Planting Thousands of Trees
Wherever you stand in The New York Botanical Garden, you are within sight of a magnificent tree. Founding director Nathaniel Lord Britton selected the Garden’s site largely because of the 50-acre old-growth forest at its heart, and the ancient oaks, tulip trees, sweetgums, maples, and other native trees that shaded the fields and pastures that surrounded the forest. When developing NYBG’s plant collections, pathways, and buildings, he insisted that none of these grand old trees be cut down and that every effort be made to protect them from construction damage.
Joining these pre-existing native trees are thousands of trees from around the world that form NYBG’s curated tree collections. The planting of rare and unusual trees to serve the Garden’s education and research programs began in the late 1890s and continues to this day. Pines from China, oaks from Europe, and maples from Japan comingle with native trees to create what is truly a dendrophile’s delight.
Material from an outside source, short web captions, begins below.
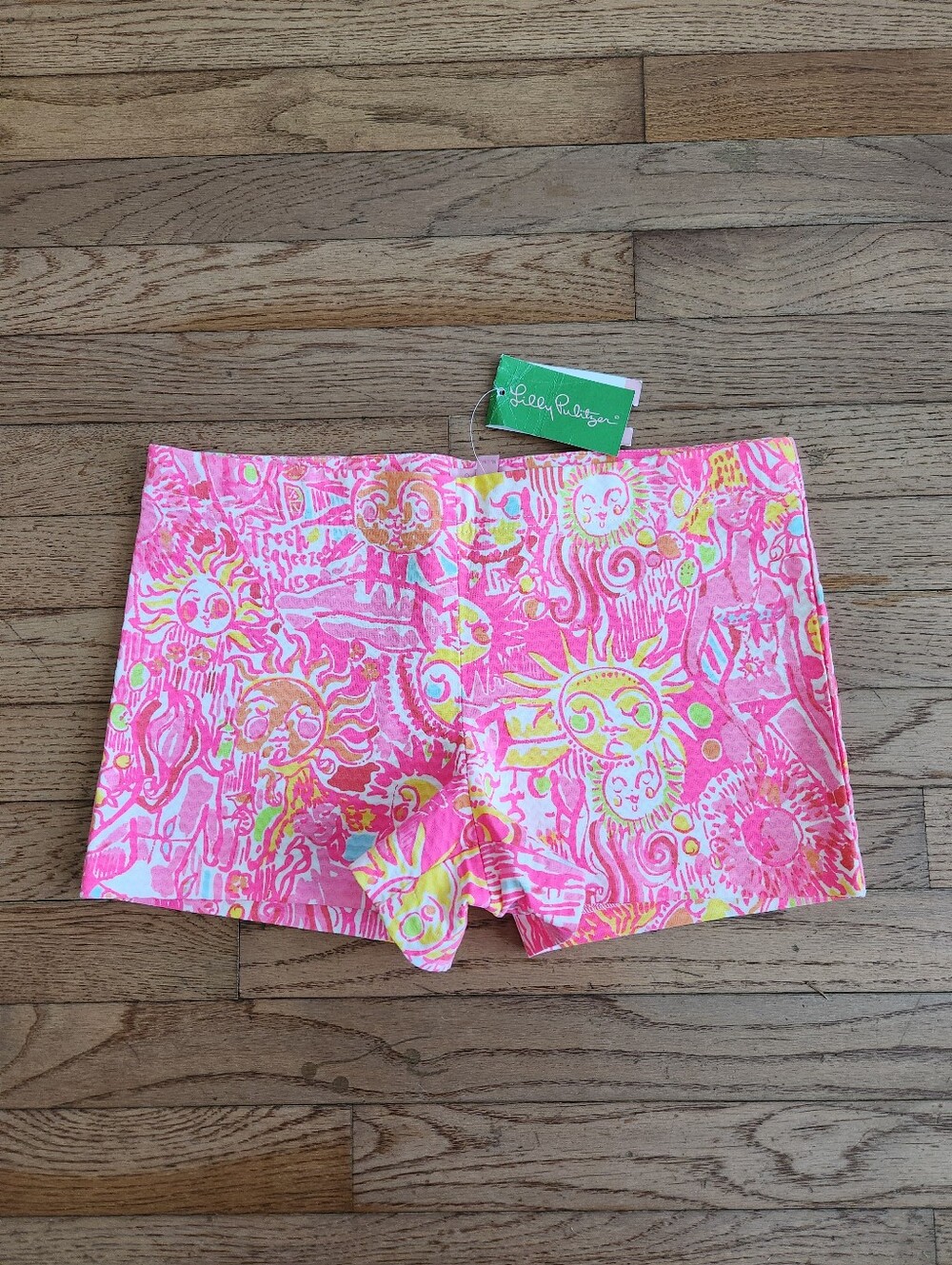 Girls Lilly Pulitzer Pull On Shorts Size 14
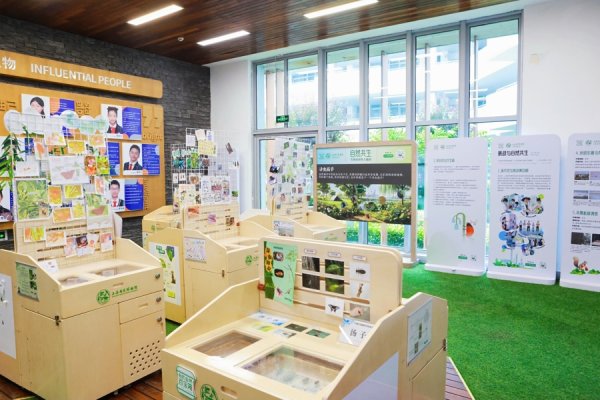 2026世界杯官方网站 学生当馆长、作念策展东谈主，一平米博物馆解锁科学栽培新场景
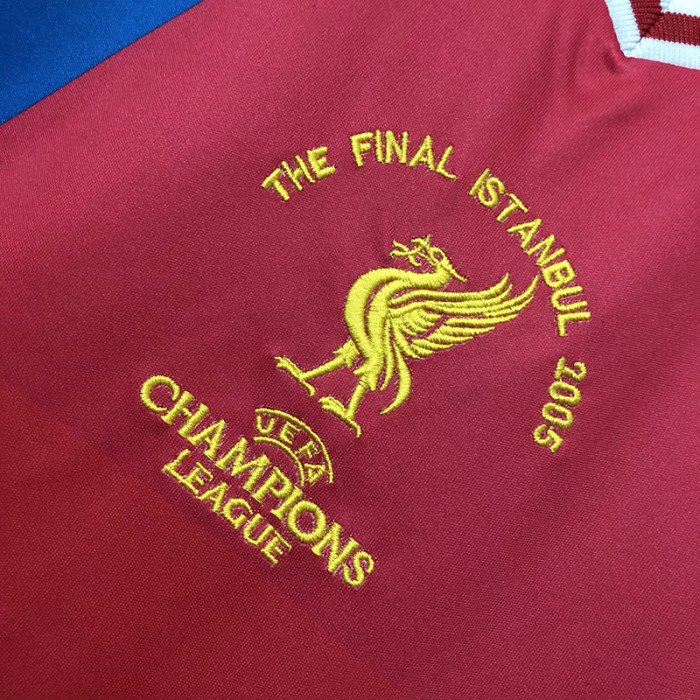 2005 LIV Special Commemorative Edition Retro Soccer Jersey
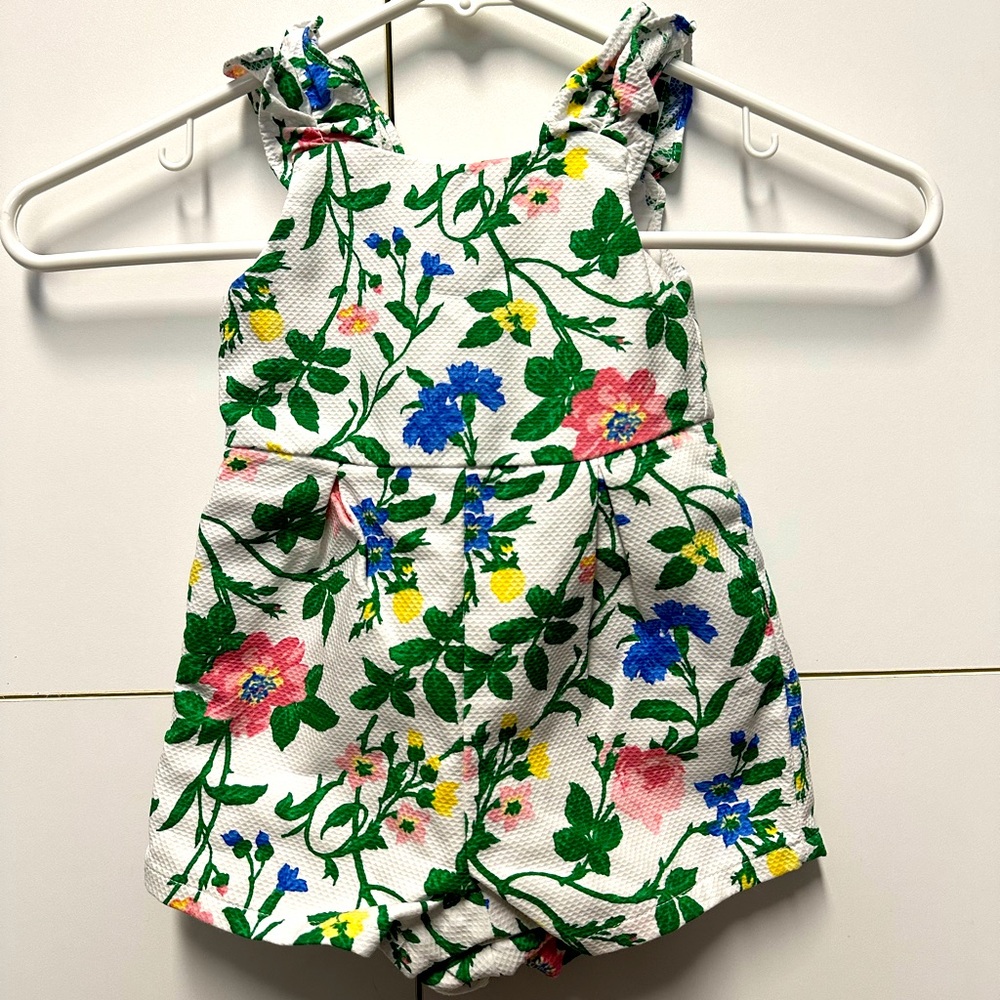 Janie and Jack Spring Romper - 6-12 months, NWOT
We plant hundreds of new trees every year in the Thain Family Forest, in our historic woody plant collections, and in our gardens and displays. These trees do more than just serve the Garden’s mission as a museum of plants. They fix carbon, filter storm water, produce oxygen, and remove pollutants from the air and soil. Planting new trees ensures that future generations will always have the opportunity to mark the arrival of spring with their favorite magnolia, rest in the shade on a summer’s day, or marvel at the polychromatic riot of the Forest in fall.